Just some of the other examples of Aguilar’s alarming incompetence are as follows:
- Inaccurate Voter Registration Roll
- In March 2024, the Republican National Committee, the Nevada Republican Party, and a Nevada voter filed a lawsuit challenging Secretary Aguilar’s handling of Nevada voter registration lists. Numerous counties in Nevada had more registered voters than voting-eligible citizens.
- 6,136 non-citizens were listed as active voters in Nevada’s 2024 voter registration list.
- 359,403 inactive voter registrations (16.3% of total), above national average (11.1%).
- Campaign Finance Discrepancies
- Judges and candidates accepted $10,000+ contributions, despite a $5,000 limit.
- Secretary Aguilar’s office gave inconsistent answers on special election donation limits.
- Counting Undated Ballots
- In 2024, the Secretary of State’s office counted ballots without postmarks, contrary to Nevada law.
- The Republican National Committee and the Nevada GOP filed a lawsuit to stop the practice.
Click here to read the full report.
BACKGROUND:
- In April FEF launched a new initiative, grading election administration officials in battleground states across the U.S.
- In March, the Fair Election Fund filed commentary with the FCC on the issue raised against CBS for unlawful news distortion and coordination with the Harris 2024 Presidential Campaign in the network’s 60 Minutes interview with former Vice President Kamala Harris last year.
- In August of 2024, the Fair Election Fund uncovered 60,000 potential cases of donor fraud involving the Biden-Harris campaign and ActBlue and turned over the data to Republican attorneys general across the country.

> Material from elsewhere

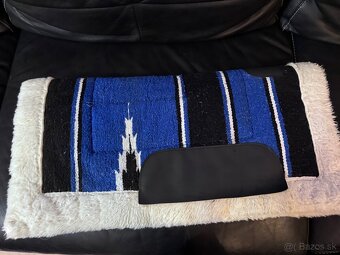 westernovú podsedlovku Burioni - 6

- The Fair Election Fund successfully stopped national Democrats’ voter suppression scheme in states across the country last year. In October 2024, FEF launched a six-figure paid media campaign that exposed Marc Elias’s failed racist lawsuits that tried to disenfranchise thousands of black voters who signed petitions to get Cornel West on the ballot in their respective battleground states.
- The Fair Election Fund invested over $750,000 in paid media efforts last year to expose the Democrats’ attempts to block Kamala Harris’s competition from the ballot. The Fair Election Fund invested in states such as North Carolina, Michigan, Pennsylvania, and Virginia. Click here to learn more about the Democrats’ failed election interference scheme and how the Fair Election Fund stood up for voting rights.
- Last year, the Fair Election Fund launched an investigation examining the jury summons responses and voter rolls in key swing state counties to identify voter fraud.